Sequence UNET is a fully convolutional neural network variant effect predictor, able to predict the pathogenicity of protein coding variants and the frequency they occur across large multiple sequence alignments. It uses a U-shaped architecture inspired by the U-NET medical image segmentation network (Ronneberger et al. 201), with an optional Graph CNN section to incorporate information from protein structure:
This repo contains the code that defines the model, various training experiments and analysis of the trained model.
The simplest way to use the model is to clone the repo and add the src
directory to your python path.
The important modules and scripts for using the model are:
src/sequence_unet.py
top_model.py
graph_cnn.py
metrics.py
predict.py
train.py
Saved model weights will be made available soon with a preprint describing the model. In future a python package may be developed to make the process of loading and using the model more straightforward.
The core model requires:
- Python 3
- Tensorflow 2.5+
- Numpy
In addition the training and predictions scripts use:
- Pandas
- Biopython
- ProteinNetPy (Required for training and prediction scripts, not the model itself)
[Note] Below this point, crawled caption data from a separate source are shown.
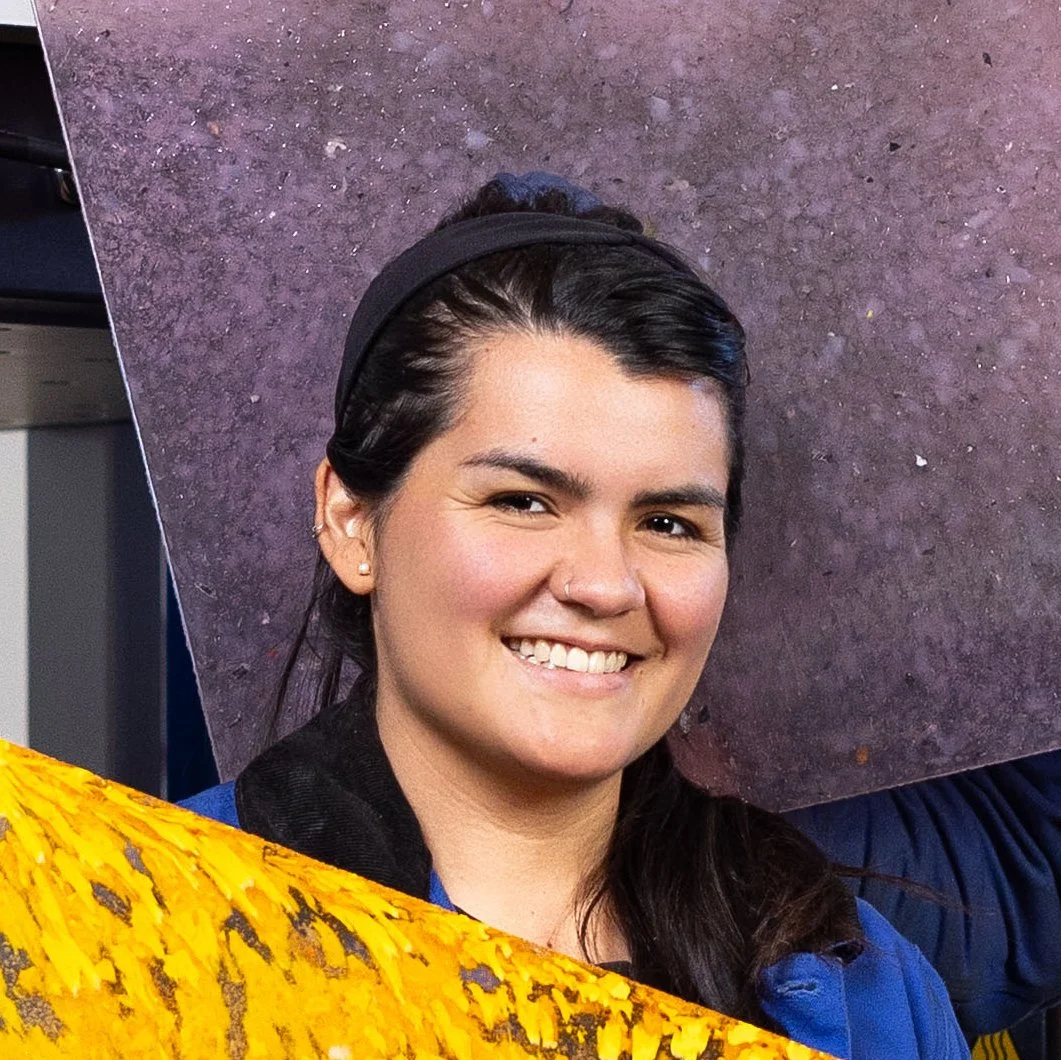 A portrait of Caro, one of the two founders of Mad Plastic, in front of a sheet made from recycled plastic.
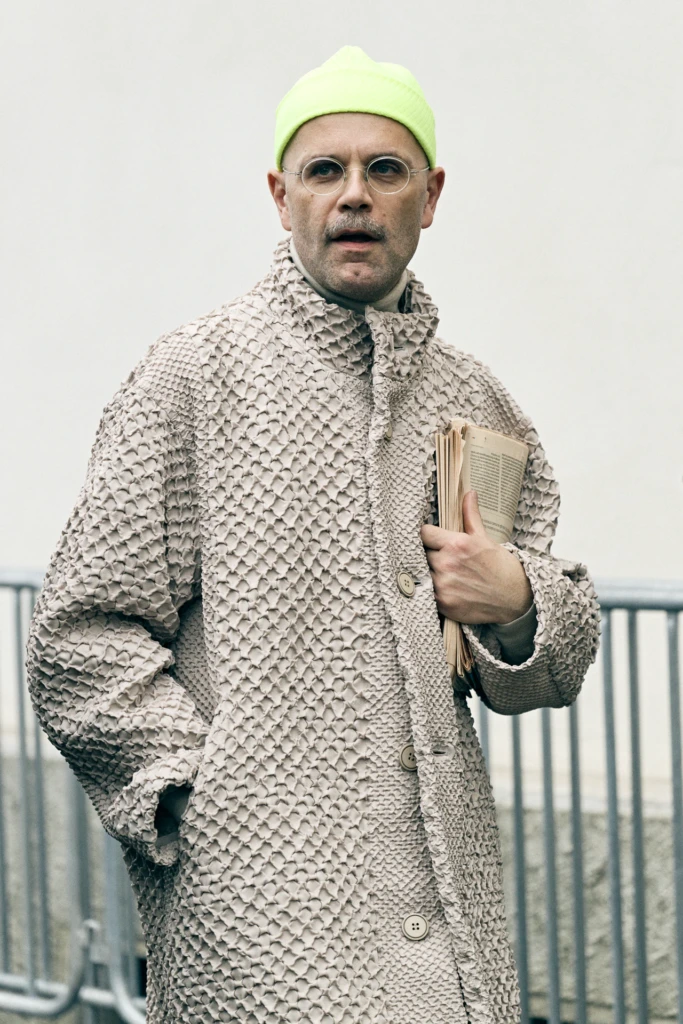 Man in a neon green beanie and round glasses carrying a folded newspaper, wearing a textured beige coat, Milano Fashion Week, January '26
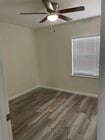 Flooring is now brand new natural color wood - 4257 N Bellflower Blvd Unit 4257 N Bellflower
Figure generation and performance analysis is performed in R 4.0, largely using Tidyverse packages.
To initiate an untrained model use the sequence_unet
function in sequence_unet.py
or one of the top model functions in top_model.py
.
These models must be trained manually or have trained weights loaded.
Alternatively a trained model can be loaded directly (when downloads are available), ensuring that the custom_objects
from metrics.py
is available:
import tensorflow.keras as keras
from metrics import CUSTOM_OBJECTS
model = keras.models.load_model("path/to/model.tf", custom_objects=CUSTOM_OBJECTS)
The model functions are currently documented in their docstrings, in future these may be used to generate full documentation as well.
The predict.py
script offers two prediction mechanisms, predicting scores for proteins in a fasta or ProteinNet file.
Usage of the script is documented in it's docstring and can be accessed using -h
.
The training.py
script was used to train the models, based on a saved model and data loading function saved by the make_experiment_dir
function in src/utils.py
.
Usage of the script is documented in it's docstring and can be accessed using -h
.
The training scripts in subdirectories of models
give examples of the model training procedures I used to train the various forms of the model.